Teologia Cristã e Religião Contemporânea

Novos fenômenos evangélicos: hermenêutica pentecostal

Um dos novos fenômenos que mais tem chamado atenção dentro do contexto evangelical brasileiro diz respeito ao universo pentecostal. No Brasil, o pentecostalismo é notoriamente o solo mais fértil que o evangelicalismo já testemunhou.

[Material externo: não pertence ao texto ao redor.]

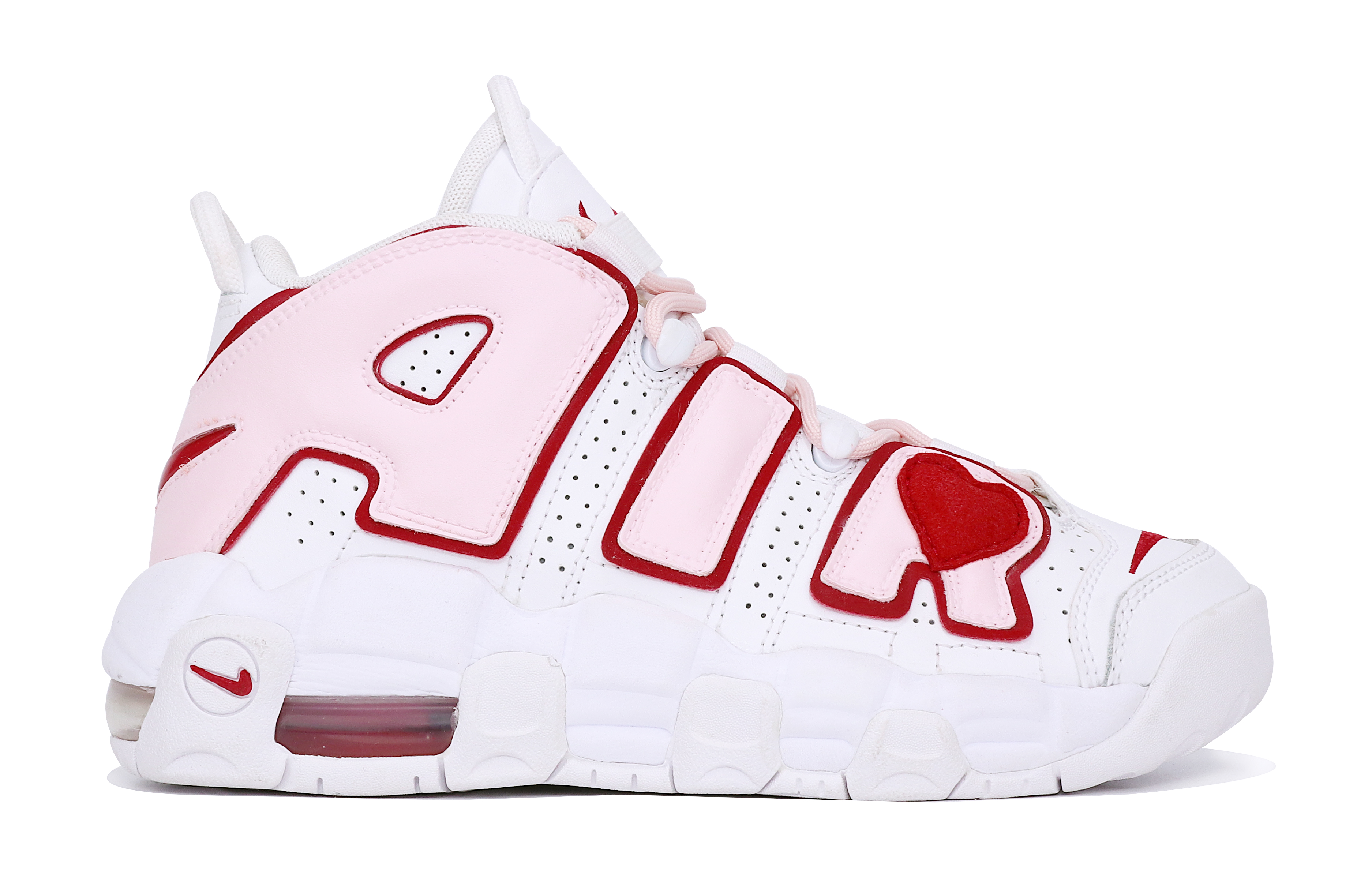 Order 나이키 에어 모어 업템포 '발렌타인 핑크' (Nike Air More Uptempo 'Valentine Pink') DJ5988-100(TeamTen-女立体爱心S-BOX)
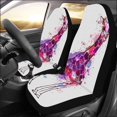 thumbnail image 2 of ABPHQTO Juego de 2 fundas para asientos de coche, protector universal para asientos delanteros de coche, jirafa acuarela, apto para coche, SUV, sedán, camión, 2 of 3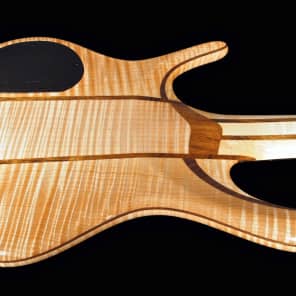 2015 Ken Smith 5WTE ELITE White Tiger Flamed Maple 5-String Bass image 3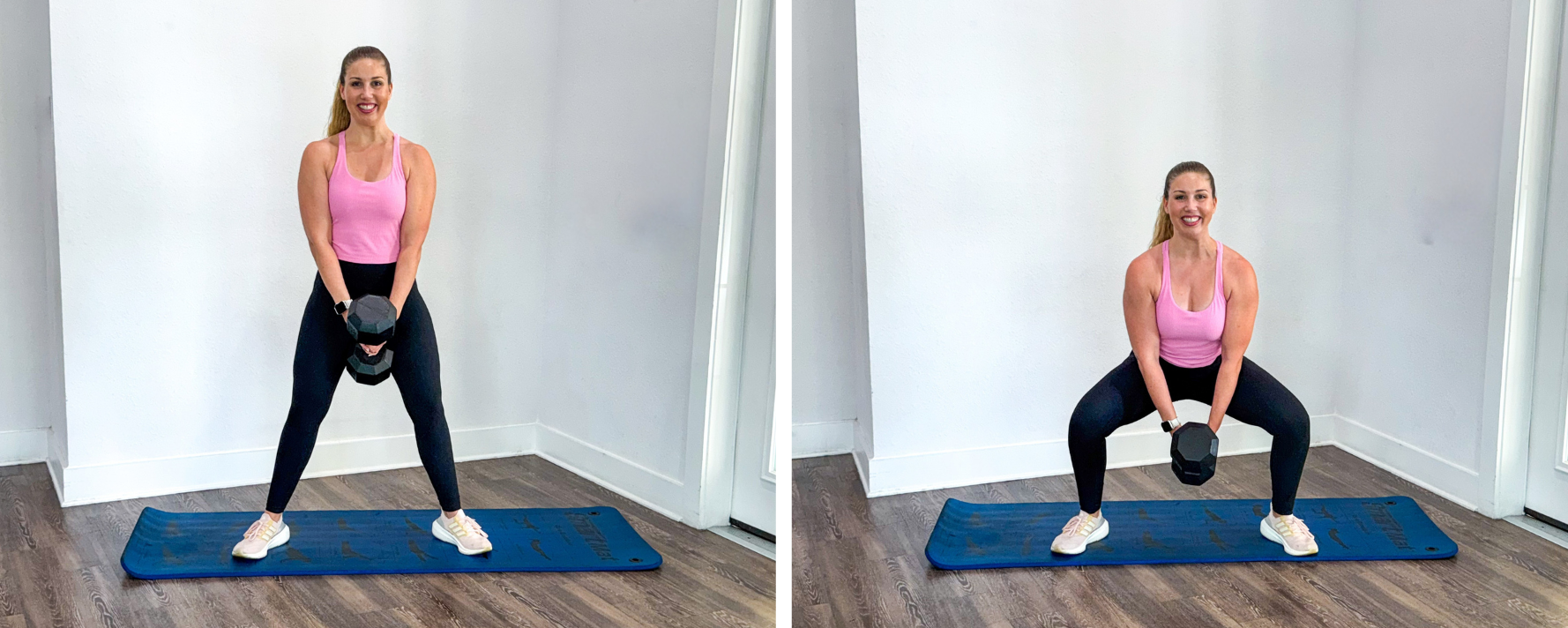 Dumbbell Sumo Squat Exercise for Legs Inner Thighs and Glutes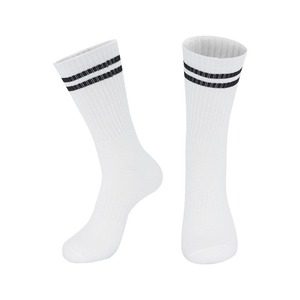 Custom Tennis <b>Socks</b> White Elite Crew Mid Calf Men Sports Tube <b>Socks</b> Breathable Athletic Performance Sports <b>Socks</b> - Product Image 1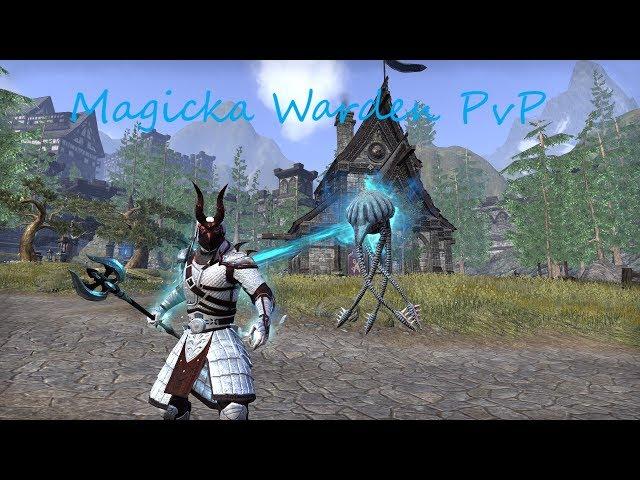 Magicka Warden small man PvP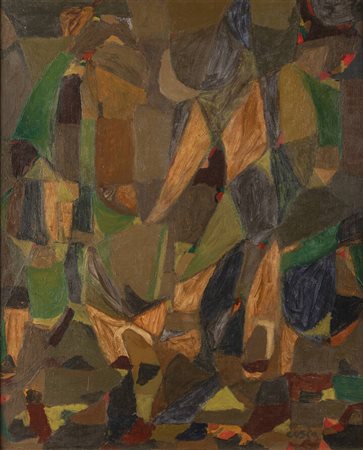 FRANCO COSTA<BR>Quittengo (VC) 1903 - 1980<BR>"Composizione Futurista"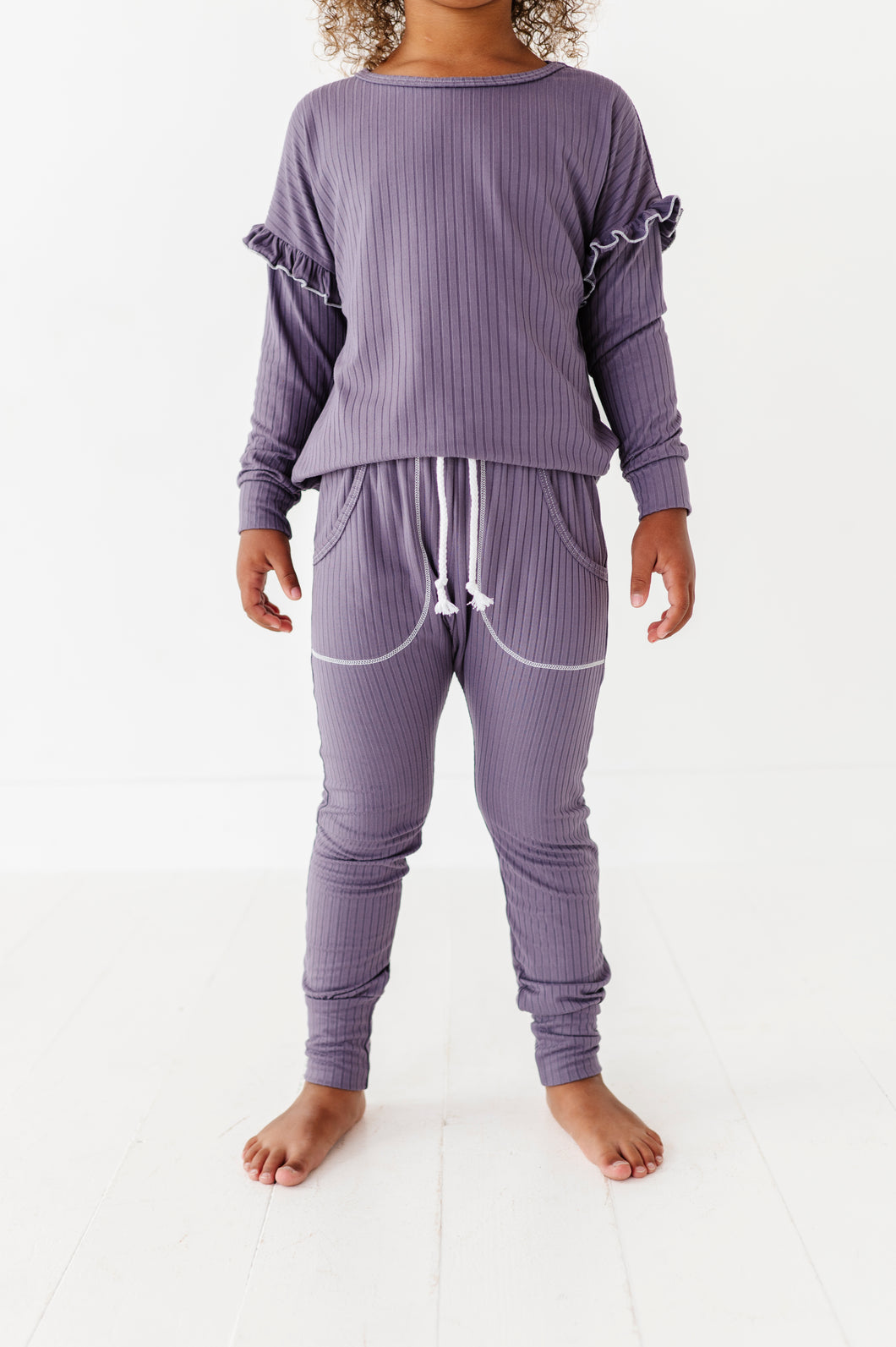 PLUM RIB | Pocket Joggers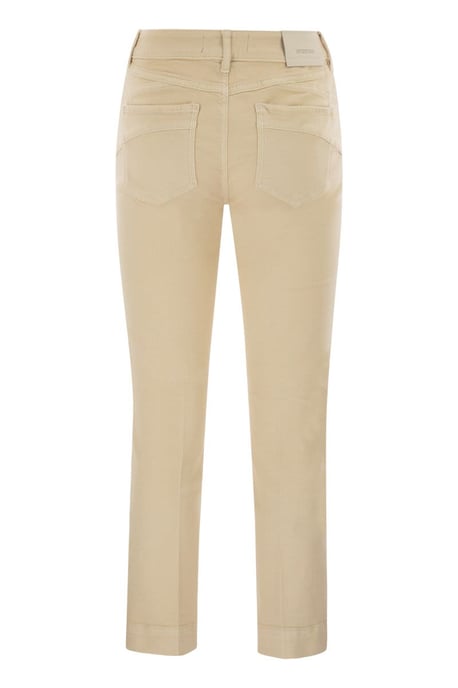 Enna - Denim Broek met Mini Flare Linie - Image 2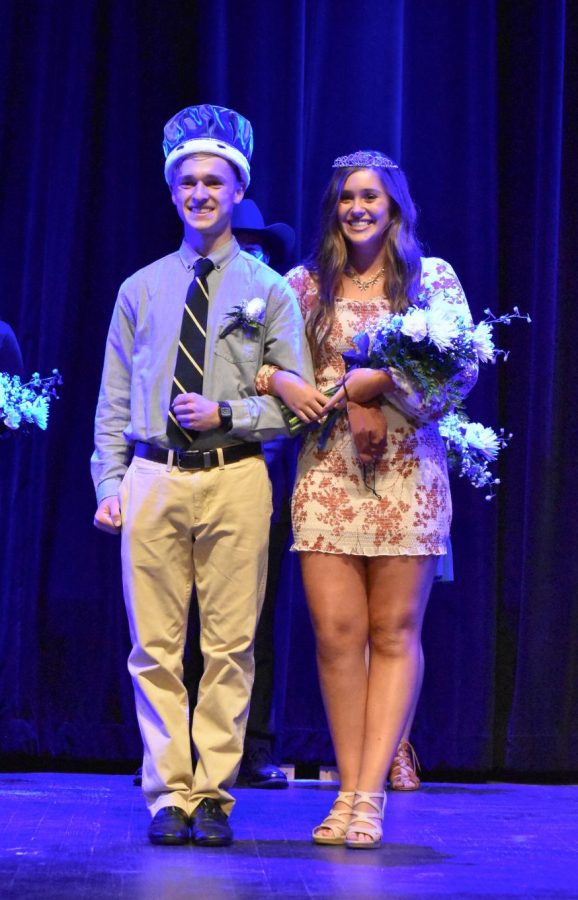 Seniors Peter Laskey and Kayla Bolling, who were voted Homecoming King and Queen. 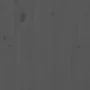 Estructura de cama de madera maciza gris 200x200 cm de vidaXL, Camas y somieres - Ref: Foro24-3101110, Precio: 193,82 €, Desc...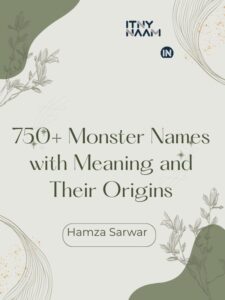 Monster Names
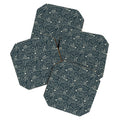 Little Om Pattern Shooting Stars blue Coaster Set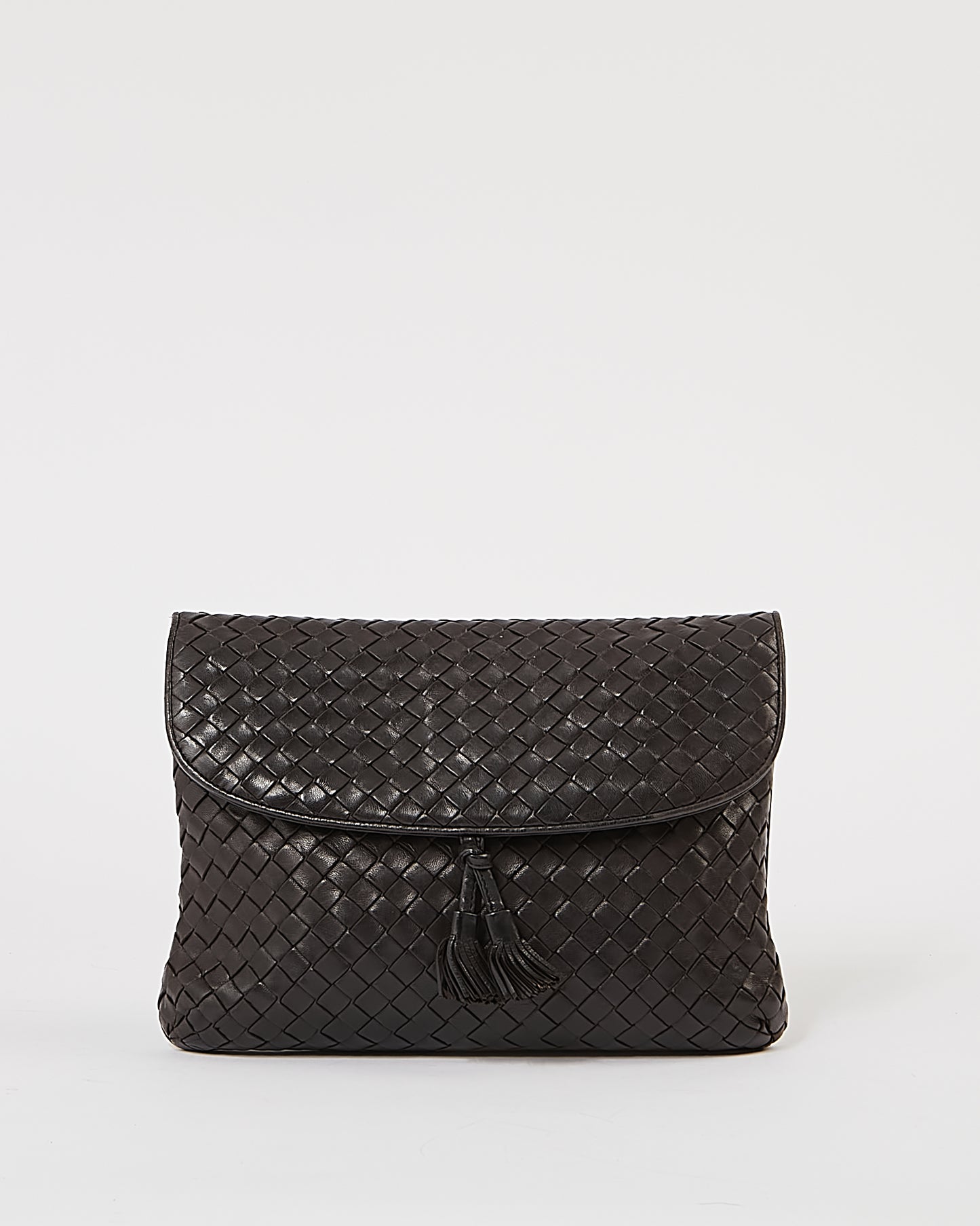 Bottega Veneta Black Intrecciato Leather Shoulder Bag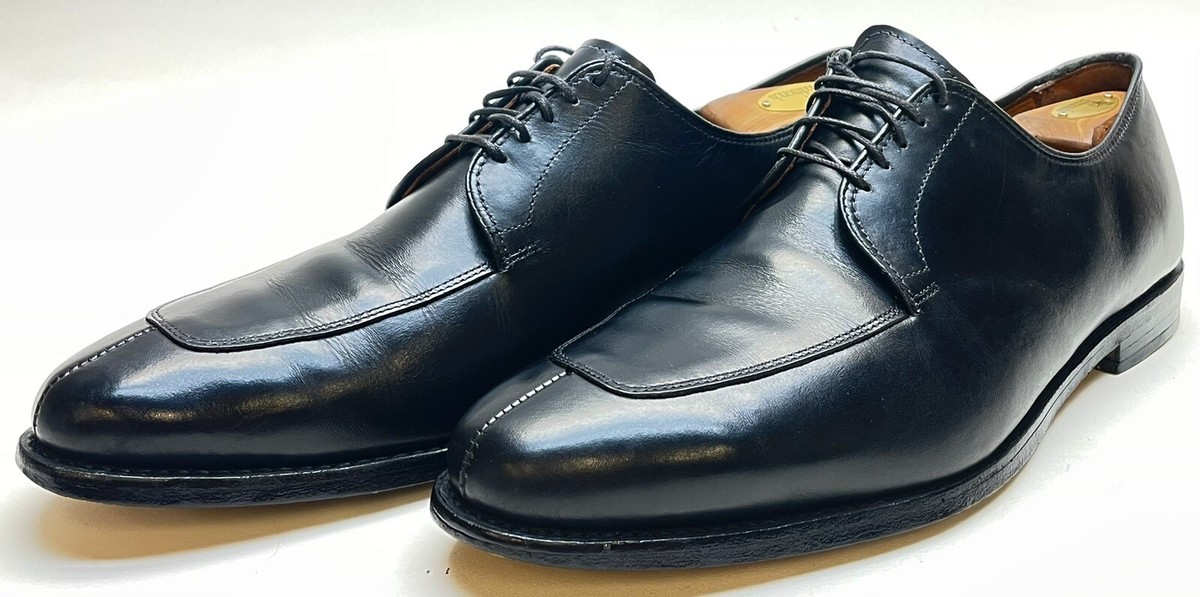 EUC Allen Edmonds Men\'s Black Leather Resoled Split Toe Delray Dress Shoes 15 B Allen Edmonds Black Casual Shoes for Men for sale | eBay main image 2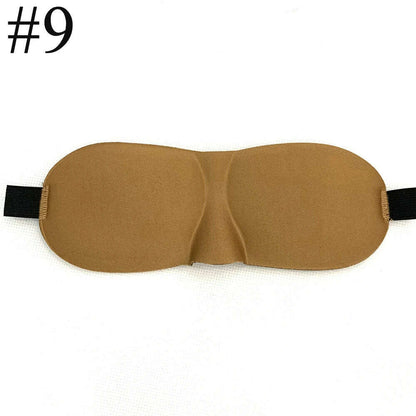 1Pcs 3D Sleep Mask Natural Sleeping Eye Mask Eyeshade Cover Shade Eye Patch Women Men Soft Portable Blindfold Travel Eyepatch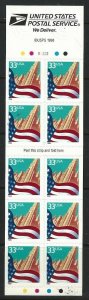 PCBstamps   US #3278j Bk Pane $3.30(10x33c)Flag & City  MNH, (1)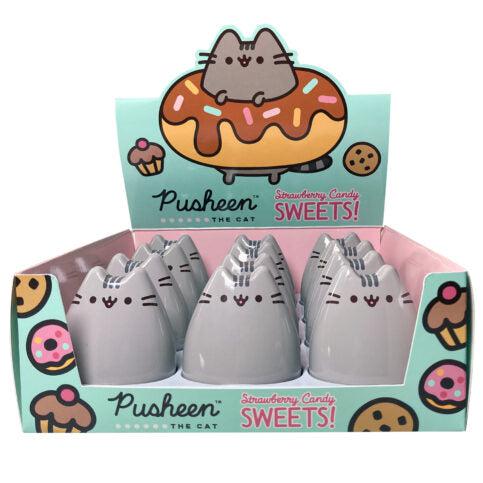 Boston America-Pusheen Sweets! Strawberry Candy Tin-17475-Box of 12-Legacy Toys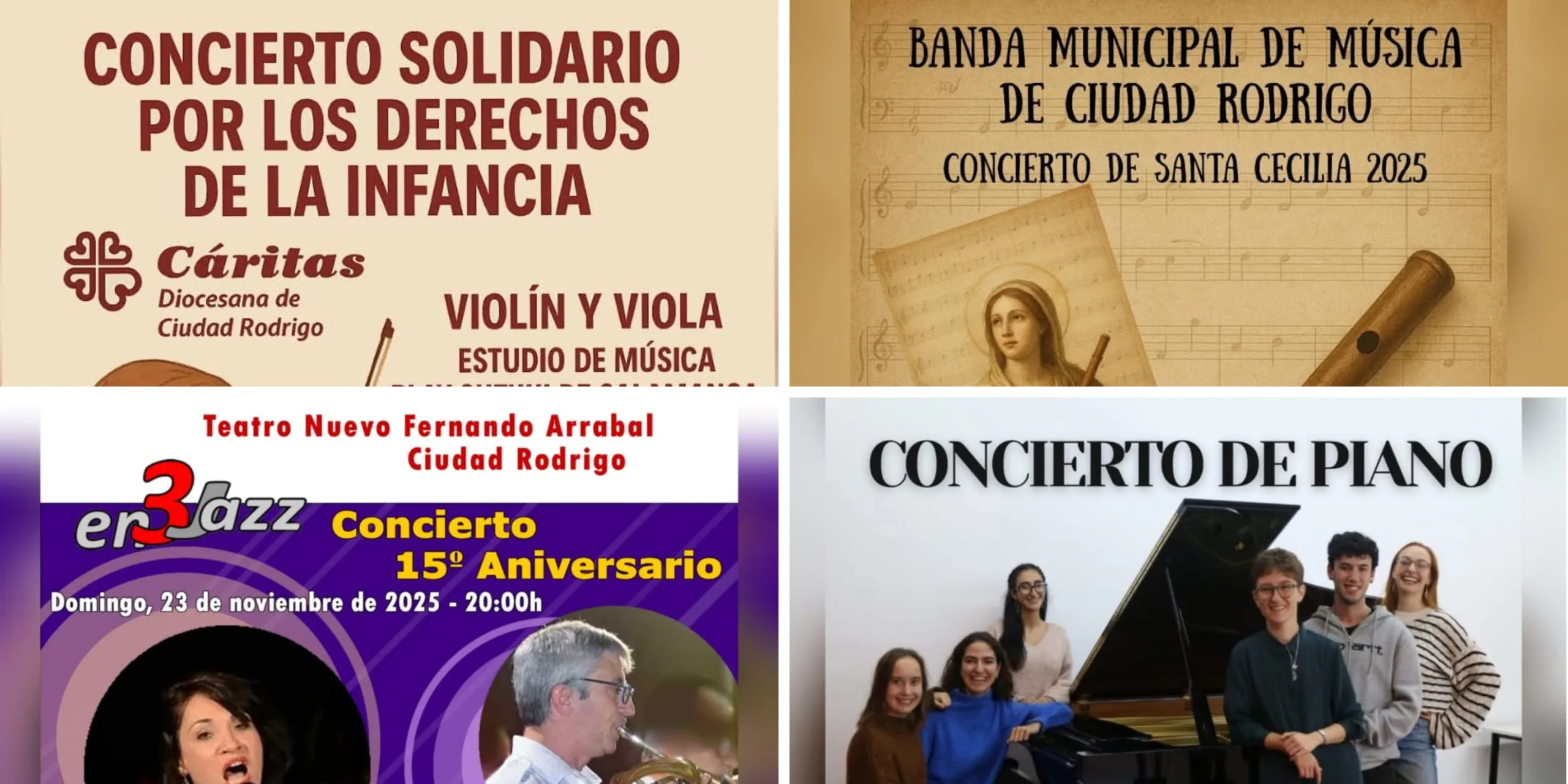 Ciudad Rodrigo anuncia los conciertos programados para noviembre en el Teatro Nuevo “Fernando Arrabal”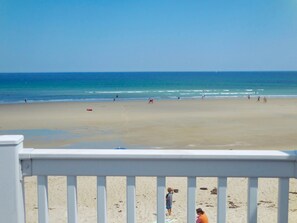 On the beach, sun loungers, beach towels - Beach House On The Sand,  Wells Beach / Moody Beach / Ogunquit Beach Maine (Wells)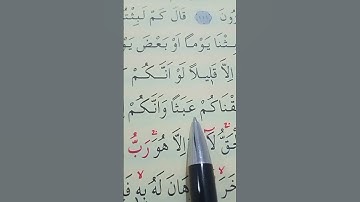 سورة المؤمنون الأية 114 إلى 116 بصوت سعد الغامدي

Entretanto, devido a sua capilaridade e popularidade, a religião evangélica das massas – o pentecostalismo –, envolvendo as camadas menos privilegiadas economicamente e periféricas, sempre foi alvo de críticas dos grupos protestantes supostamente mais intelectualizados e minoritários. “Emocionalismo”, “falta de estudo”, “ignorantes” e “heresia” são alguns dos termos utilizados para descrever os pentecostais pela “elite” evangelical histórica – que não raras vezes despreza os mais de cem anos das Assembleias de Deus em terras brasileiras. Fato: na leitura superficial de batistas, presbiterianos e outras denominações, pentecostais sempre foram tratados em tom de desprezo, de forma pejorativa e com muito preconceito.

Com a neocalvinização do pentecostalismo[1] – que tenta introduzir em terrenos pentecostais a “intelectualização teológica calvinista” e, de forma mais enfática do que o lastro histórico já o fez, o fundamentalismo cristão (ambos com as suas tendências racionalistas), bem como o desprezo da riqueza teológica pentecostal já existente na maneira pentecostal de vivenciar a fé cristã –, teólogos acadêmicos foram capazes de descortinar os elementos teológico-filosóficos pentecostais de maneira academicamente rigorosa. Impulsionados por uma busca de valorização do pentecostalismo, do jeito que ele é, e empenhados em destacar a sofisticação da teologia pentecostal, brasileiros como Kenner Terra, David Mesquiati, César Carvalho e Gutierres Siqueira, e norte-americanos e europeus, como Amos Yong, Graig Keener, Kenneth Archer, Veli-Matti Kärkkäinenm, Harold D. Hunter e James K. A. Smith, têm proposto uma hermenêutica pentecostal. Neste breve artigo busca-se sintetizar os principais eixos teológico-filosóficos dessa proposta.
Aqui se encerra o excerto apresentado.